Friday, May 23, 2008
I had the opportunity to visit with Karen Wells, Orange's historian. She has a collection of maps from 1914. Their generous scale, beauty and detail offered us a wealth of information. We could see the great houses that lined Main Street giving way to commercial buildings, as the estates moved to Seven Oaks, Orange's built-in suburb, which was laid out by Frederick Law Olmsted according to Karen. It was fascinating to ponder what was there and what wasn't. Her house had been built, but my childhood home on Olcott Street had not. Oakwood Avenue School was there, but Friendship House was not. Nor had the Parrow Street housing projects been built -- they didn't go up until 1951. We searched for the major churches. What we call "Orange" was once the center of a much larger area, and the great churches were centralized in the core. The churches stayed when the residential areas split off to make their own cities. Karen pointed out that a number of these historic houses of worship is equipped with a magnificent organ. We wondered what it would take to create an organ festival on Main Street?
Thursday, May 22, 2008
Main Street in Hackensack is pointedly urban. I hadn't thought much about its river connection until I had the opportunity to get a bird's eye from a friend's apartment. From the eighth floor of a Main Street apartment building with a panoramic view, I could see the river's curves and grassy banks define a terrain just east of center city.
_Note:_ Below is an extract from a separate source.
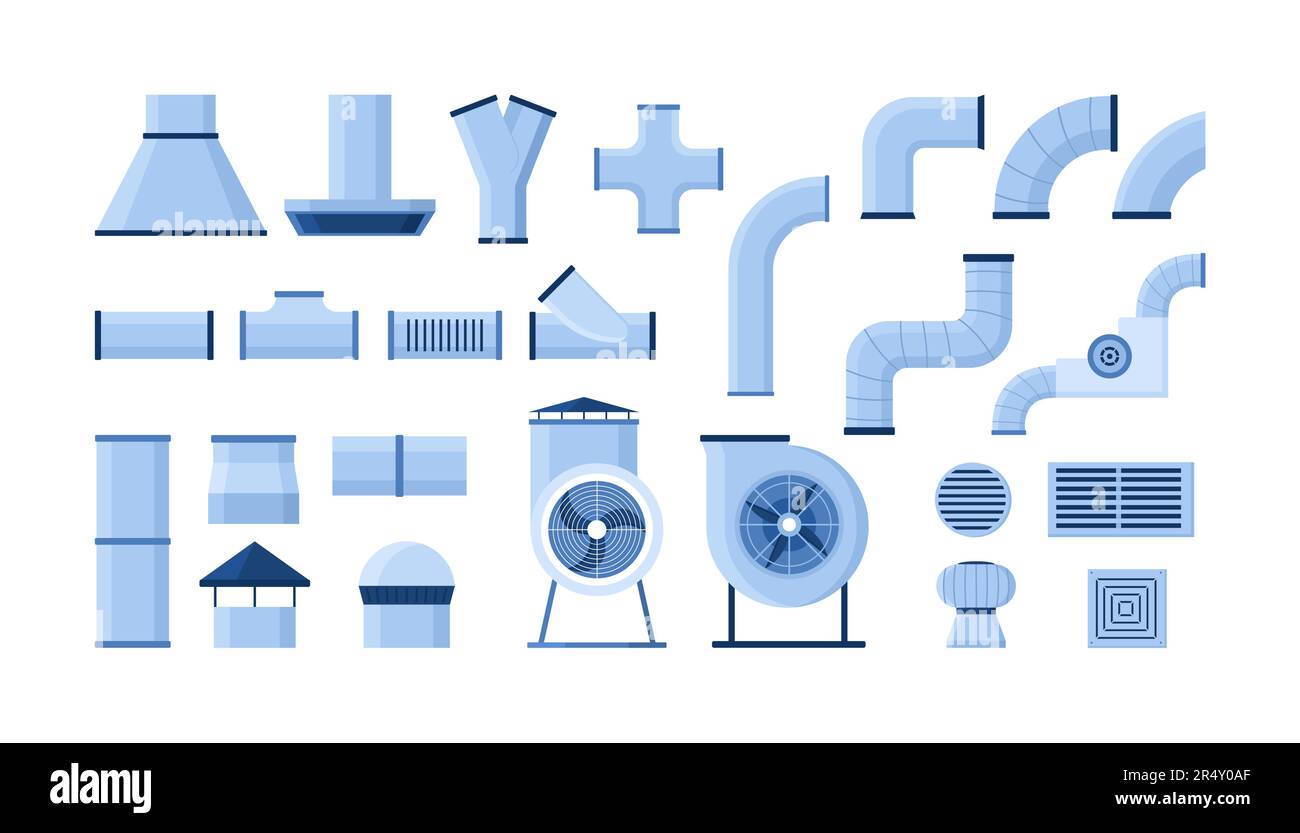 Air duct set vector illustration. Cartoon isolated ventilation and equipment for cleaning air collection with industrial ventilators, ductwork pipes system and tubes, vents and fittings, chimney Stock Vector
The contrasting parts of the city -- waterway and street -- had a pleasing harmony in the midst of a jumble of stuff: the NY skyline, steam from a factory of some kind, and the odd patchwork of the Hackensack's urbanism. My friend said they had taken the apartment for the joy of the view. "One night there was a full moon reflecting off the river -- it was so beautiful, but we hadn't seen that before."